Photo by Kevin Dooley
Perhaps you’ve got a baby this holiday season, so traveling a long distance through inclement weather sounds like a nightmare.
Maybe your husband’s (or your) workload is unusually heavy this season, so tacking on a bajillion holiday events to your family calendar feels more stressful than fun.
Your son’s homeroom teacher wants all the parents to provide homemade baked goods for the school’s bake sale, but with a busy household to run and three kids to parent, it’s just not feasible.
Or perhaps you’d like to take your daughter to the Nutcracker, and go see the local production of A Christmas Carol, and attend the Rockette’s Radio City Christmas Spectacular as they come through town — but the finances aren’t there to do them all.
It’s okay to say no this Christmas.
Amidst the twinkle of holiday decor and festive ambience of the Christmas flutter, it’s easy to fill our plates to overflowing, and inevitably transform our family’s calendar from fun to painful.
There are so many ways to enjoy the season, but not one family can do them all. How do you choose what to say “yes” to, and what to say “Maybe next year”?
Here are a few ways to filter your choices.
1. Meet the needs of your spouse, kids, and yourself first.
Easier said than done, I know. Focus on your immediate family’s needs first, and ultimately do what’s best for your household. This might mean not traveling six hours away to Aunt Jane’s house like everyone else in your extended family — which might inadvertently lead to hurt feelings.
But what good is it to please these people if your household ultimately suffers? No one’s happy in the end.
2. Don’t spend more than you have.
Draw a line in the sand to never, ever use credit. It’s tempting during the holiday season, but the many months that follow of paying it off is never worth it. You’ll sleep so much better at night.
An easy way to avoid this: Don’t go shopping, especially in malls. Make most of your purchases online, or make your gifts.
3. Do what you can; don’t worry about the rest.
Don’t neglect your responsibilities, of course. But find creative ways to do what you have to do in an easy way, so that you have time and energy to do what you love.

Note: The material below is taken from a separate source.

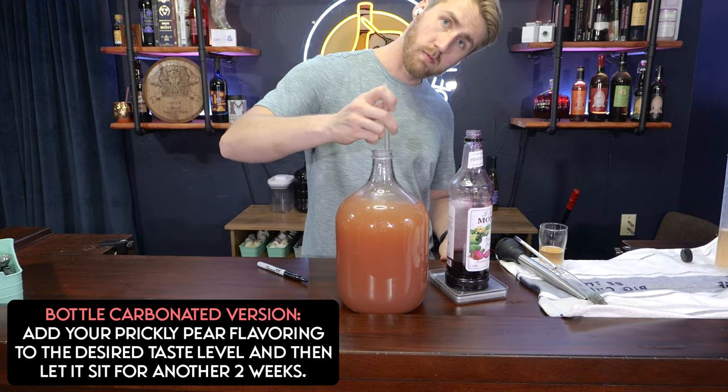Your bottle-carbonated version will now go through a secondary fermentation — the yeast are going to take the sugars in the syrup and start fermenting again, and that's okay. You could throw the prickly pear syrup in at the beginning, but you might lose more flavor from a vigorous primary fermentation. The secondary fermentation is less vigorous, so you lose less flavor. Let it ferment again — it might take another two weeks. Once things settle at the bottom, rack it again into a new container to get off any sludge or sediment, still keeping a little bit of yeast.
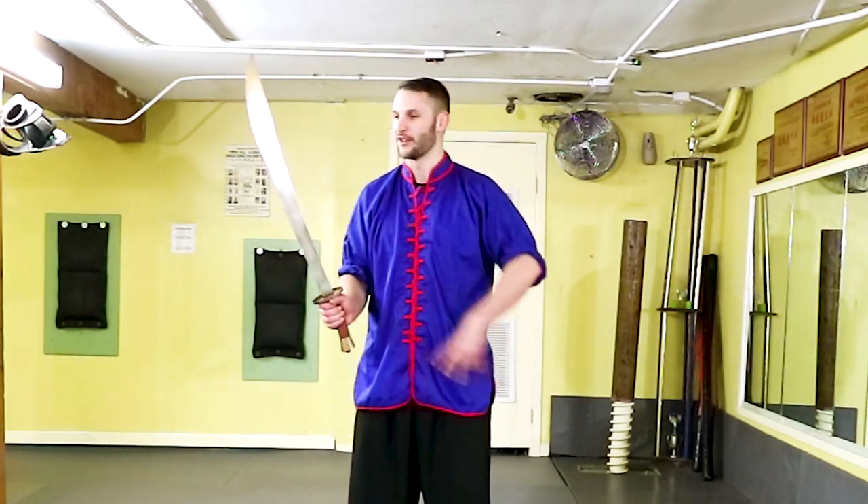Hey, what's up? This is Sifu Cuddle and I'm back at you with another Kung Fu Combination. Today's Kung Fu Combination, we're going to be using the Chinese broadsword. So go ahead and grab your sword and let's get to work.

• Buy your bake sale contributions from a local bakery, and shoo away the false guilt that it must be homemade.
• Decide in advance to attend only X number of holiday events, or to fill only X evenings per week with activities. Talk about this as a family, and then draw a line in the sand.
• Make a big deal out of those little things that are fun. Make popcorn and turn down the lights for “A Christmas Story” on TV. Play your favorite Christmas tunes and drink hot chocolate while you wrap gifts.

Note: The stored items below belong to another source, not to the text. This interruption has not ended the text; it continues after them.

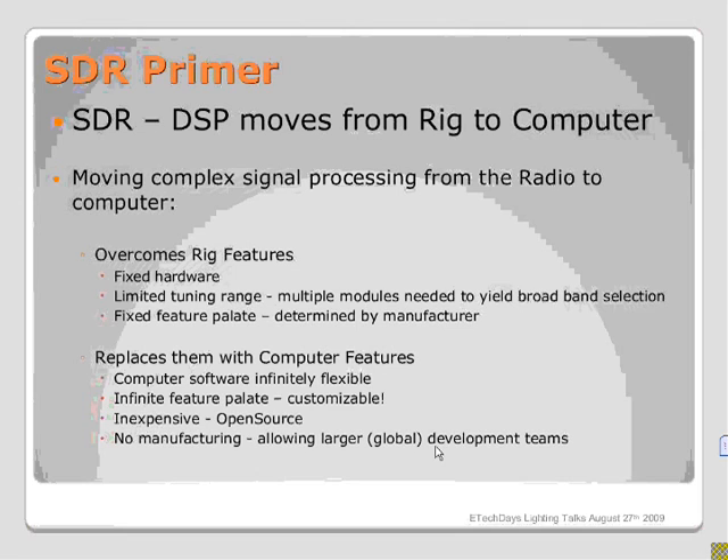SDR offers a much richer and customizable feature palette. It's less expensive because it can take all of the best that the open source community has to offer, with relatively no manufacturing overhead. It also allows a larger global development team to participate in developing features that used to be only in proprietary hardware.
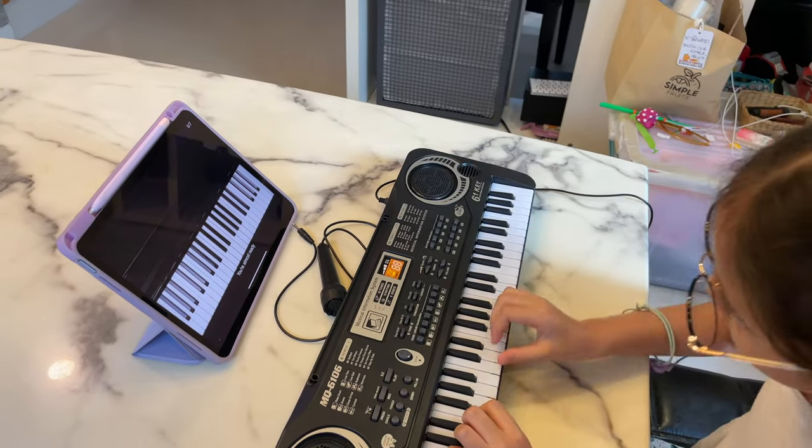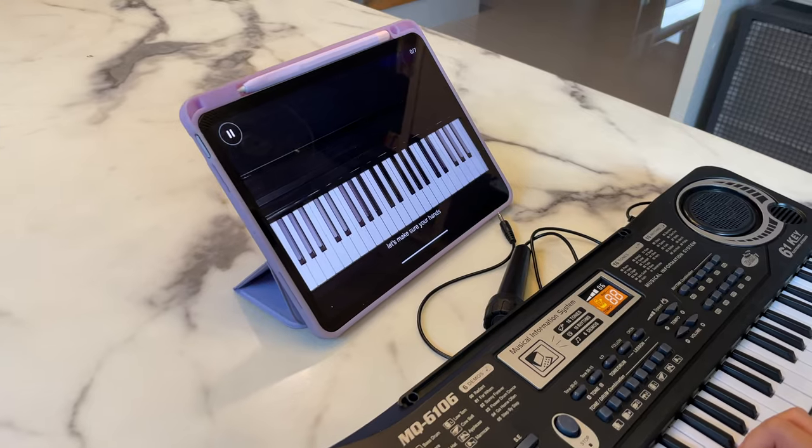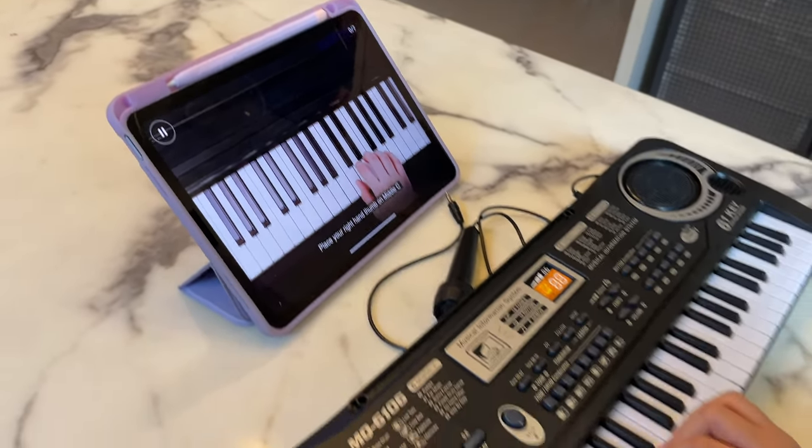You're almost ready to start playing with both hands together. Before we begin, let's make sure your hands are in the right place on the piano. Place your right hand thumb on middle C.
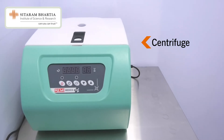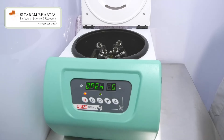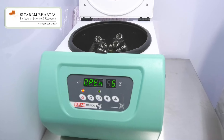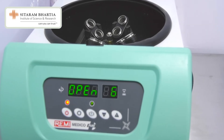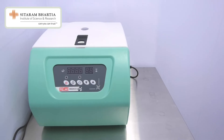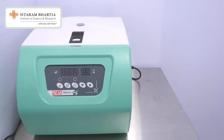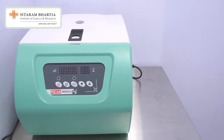This is a centrifuge. It has a lid which can be locked. This runs at various speeds. And it has, you can see, eight containers for test tubes in which the semen sample is properly labeled. And then it is run at a certain RPM — we call it rotations per minute — and this is used for preparing the semen to be used for so many procedures.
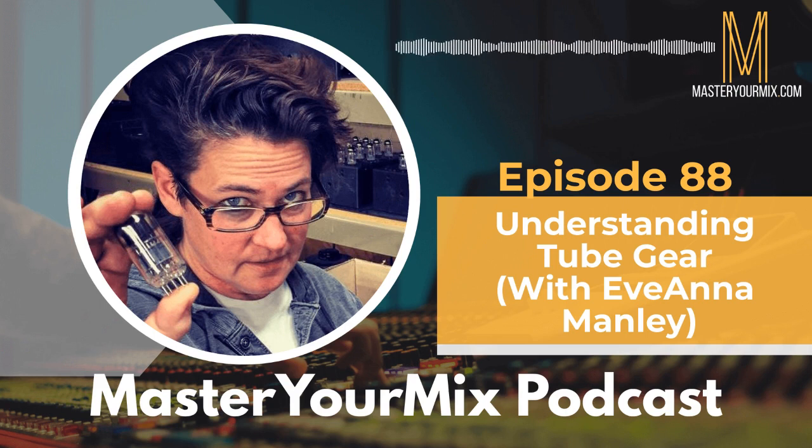Ivana Manley, thank you so much for being on the Master Your Mix podcast. How are you today? It is my pleasure to be here. For people who might not know you and your story, can you give us that background on how you got into music and ultimately to where you are today running Manley Labs?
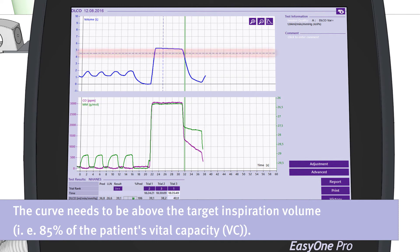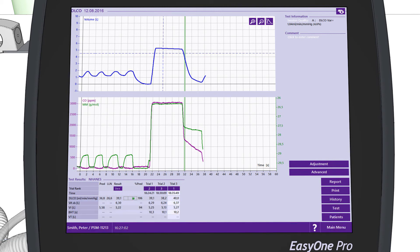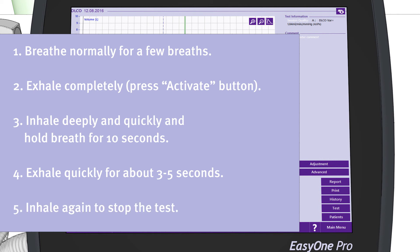The curve needs to be above the target inspiratory volume, which is 85% of the patient's vital capacity. The waiting time between trials is indicated on the display. After a minimum of two acceptable trials, the DLCO test is over. To summarize: tell the patient to breathe normally for a few breaths, then to exhale completely. Press the Activate button while the patient is exhaling. Tell the patient to inhale deeply and quickly and to hold the breath for ten seconds, then to exhale quickly for about three to five seconds, then to inhale again to stop the test.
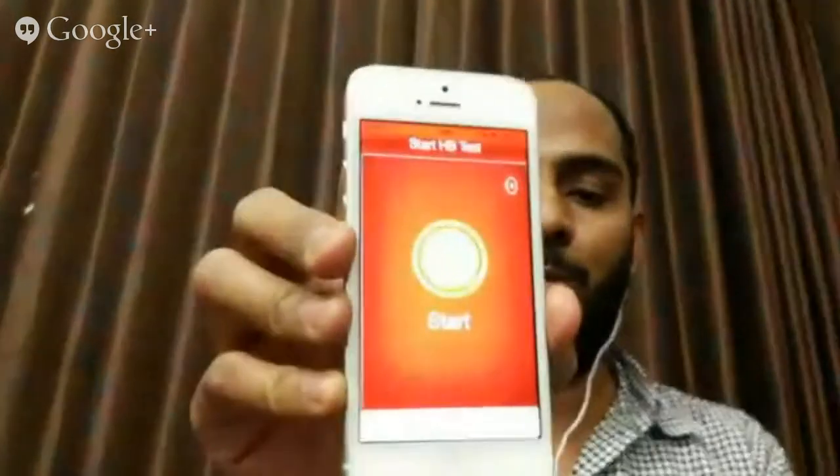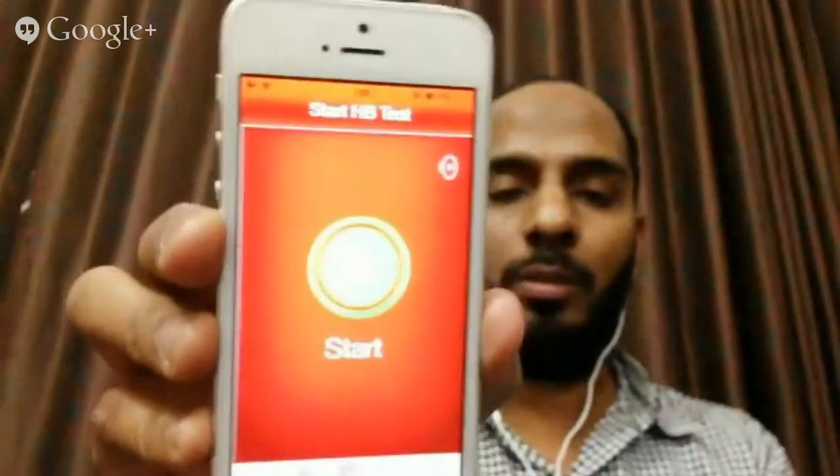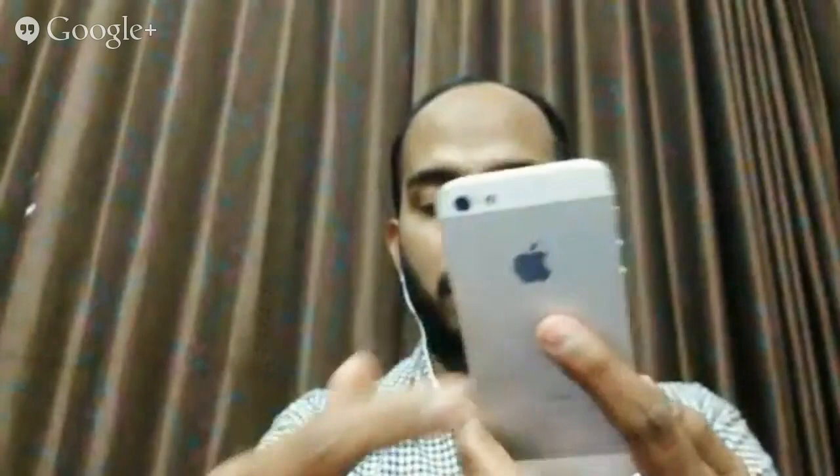Here I'm with my Apple iPhone 5. On this Apple iPhone 5, we are going to see this is the splash screen of the app, and this is the main start screen of the app. You have to keep the phone in your left hand and use your right finger, so that it covers the camera and flash.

In the end, Christmas is meant to be enjoyed. It’s meant to point our hearts towards God’s grandest gift to us, found in the shoddy manger in Bethlehem. It’s not meant to stress us out.
Bless those around you with a wife, mom, and friend who’s content, at peace, and happy for the holidays. You’ll have a lot more fun, too.
What will you do this Christmas to help you slow down and enjoy the season?